-- RECORDS SHOWN follows --

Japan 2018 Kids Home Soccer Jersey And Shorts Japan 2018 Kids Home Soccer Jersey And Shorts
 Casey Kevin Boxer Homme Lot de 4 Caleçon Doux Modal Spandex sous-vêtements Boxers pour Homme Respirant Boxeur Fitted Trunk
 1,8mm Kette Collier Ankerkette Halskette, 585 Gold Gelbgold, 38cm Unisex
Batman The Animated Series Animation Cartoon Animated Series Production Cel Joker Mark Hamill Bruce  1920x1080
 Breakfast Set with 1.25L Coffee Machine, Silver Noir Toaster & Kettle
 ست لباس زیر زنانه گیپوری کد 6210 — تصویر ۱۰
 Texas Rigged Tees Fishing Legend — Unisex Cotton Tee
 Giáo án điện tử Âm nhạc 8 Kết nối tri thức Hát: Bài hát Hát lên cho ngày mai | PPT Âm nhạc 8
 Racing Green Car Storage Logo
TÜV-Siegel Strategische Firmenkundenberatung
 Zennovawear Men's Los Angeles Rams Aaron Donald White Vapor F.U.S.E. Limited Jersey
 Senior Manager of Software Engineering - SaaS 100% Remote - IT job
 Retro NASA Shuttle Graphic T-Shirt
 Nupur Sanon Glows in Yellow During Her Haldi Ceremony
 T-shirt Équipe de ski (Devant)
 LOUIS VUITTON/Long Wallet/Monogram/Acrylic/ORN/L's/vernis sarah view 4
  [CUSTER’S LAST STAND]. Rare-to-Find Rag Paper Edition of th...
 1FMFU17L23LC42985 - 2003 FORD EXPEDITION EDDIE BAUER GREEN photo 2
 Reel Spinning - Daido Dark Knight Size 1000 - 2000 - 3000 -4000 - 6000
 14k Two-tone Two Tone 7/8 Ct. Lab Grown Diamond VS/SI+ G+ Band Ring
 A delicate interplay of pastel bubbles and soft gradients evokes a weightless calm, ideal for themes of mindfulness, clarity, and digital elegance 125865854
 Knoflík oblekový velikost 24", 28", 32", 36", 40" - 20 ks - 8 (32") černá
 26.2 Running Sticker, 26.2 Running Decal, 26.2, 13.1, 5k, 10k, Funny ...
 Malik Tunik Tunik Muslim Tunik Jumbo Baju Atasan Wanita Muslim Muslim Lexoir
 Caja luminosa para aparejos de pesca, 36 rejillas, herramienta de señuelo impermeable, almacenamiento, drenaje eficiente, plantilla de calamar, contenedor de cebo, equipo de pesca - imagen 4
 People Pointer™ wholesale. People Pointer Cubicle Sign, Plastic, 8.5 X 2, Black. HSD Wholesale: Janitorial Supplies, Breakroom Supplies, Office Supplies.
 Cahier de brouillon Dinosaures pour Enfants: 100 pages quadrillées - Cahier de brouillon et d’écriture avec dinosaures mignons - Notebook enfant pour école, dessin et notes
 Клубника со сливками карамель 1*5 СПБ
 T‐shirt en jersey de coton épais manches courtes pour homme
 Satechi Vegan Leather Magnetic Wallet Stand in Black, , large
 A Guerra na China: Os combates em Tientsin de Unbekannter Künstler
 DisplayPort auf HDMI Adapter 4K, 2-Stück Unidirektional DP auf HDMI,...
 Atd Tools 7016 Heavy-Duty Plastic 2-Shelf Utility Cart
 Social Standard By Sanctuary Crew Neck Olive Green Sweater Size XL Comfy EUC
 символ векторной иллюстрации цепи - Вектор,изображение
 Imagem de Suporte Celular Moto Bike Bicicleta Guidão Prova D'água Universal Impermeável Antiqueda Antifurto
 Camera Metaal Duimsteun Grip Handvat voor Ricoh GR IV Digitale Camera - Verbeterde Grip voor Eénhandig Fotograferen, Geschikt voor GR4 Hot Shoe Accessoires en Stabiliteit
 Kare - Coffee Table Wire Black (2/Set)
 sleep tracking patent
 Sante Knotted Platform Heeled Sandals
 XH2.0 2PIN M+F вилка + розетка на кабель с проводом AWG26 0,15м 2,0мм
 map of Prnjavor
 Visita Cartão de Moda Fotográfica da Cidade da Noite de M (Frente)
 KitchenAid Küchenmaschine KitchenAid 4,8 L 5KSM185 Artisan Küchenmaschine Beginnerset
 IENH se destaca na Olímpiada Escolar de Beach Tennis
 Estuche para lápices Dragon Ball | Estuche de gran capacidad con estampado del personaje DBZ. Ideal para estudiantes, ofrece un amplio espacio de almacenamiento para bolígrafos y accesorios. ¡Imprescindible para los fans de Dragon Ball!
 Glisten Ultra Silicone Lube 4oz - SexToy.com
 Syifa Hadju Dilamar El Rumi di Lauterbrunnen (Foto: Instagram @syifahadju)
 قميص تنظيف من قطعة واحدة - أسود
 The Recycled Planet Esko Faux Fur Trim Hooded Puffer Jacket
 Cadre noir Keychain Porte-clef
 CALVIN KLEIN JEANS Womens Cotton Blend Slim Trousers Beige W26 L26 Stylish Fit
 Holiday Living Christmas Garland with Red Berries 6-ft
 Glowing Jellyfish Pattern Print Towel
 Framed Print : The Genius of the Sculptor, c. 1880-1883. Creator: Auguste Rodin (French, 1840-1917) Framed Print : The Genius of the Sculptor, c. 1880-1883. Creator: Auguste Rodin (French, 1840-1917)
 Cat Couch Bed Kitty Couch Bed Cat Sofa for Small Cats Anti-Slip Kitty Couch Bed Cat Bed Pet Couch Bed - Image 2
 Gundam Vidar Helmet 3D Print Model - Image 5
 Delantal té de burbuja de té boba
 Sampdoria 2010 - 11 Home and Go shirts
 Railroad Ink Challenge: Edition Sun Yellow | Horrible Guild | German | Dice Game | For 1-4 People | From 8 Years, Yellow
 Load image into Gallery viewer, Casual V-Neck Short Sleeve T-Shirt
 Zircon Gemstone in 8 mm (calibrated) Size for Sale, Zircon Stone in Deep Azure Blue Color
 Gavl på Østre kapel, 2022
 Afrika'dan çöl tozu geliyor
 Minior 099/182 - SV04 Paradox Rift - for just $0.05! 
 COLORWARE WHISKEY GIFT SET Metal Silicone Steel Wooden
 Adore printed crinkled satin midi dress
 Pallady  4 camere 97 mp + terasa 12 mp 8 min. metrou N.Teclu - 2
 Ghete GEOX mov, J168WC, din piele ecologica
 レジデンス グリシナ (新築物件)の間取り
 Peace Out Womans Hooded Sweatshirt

-- RECORDS SHOWN concluded --

:: WHAT YOU WILL DO ::
If a line in the entries above contains "Wallet", report it.

:: ANSWER FOR THE TASK ::
 LOUIS VUITTON/Long Wallet/Monogram/Acrylic/ORN/L's/vernis sarah view 4
 Satechi Vegan Leather Magnetic Wallet Stand in Black, , large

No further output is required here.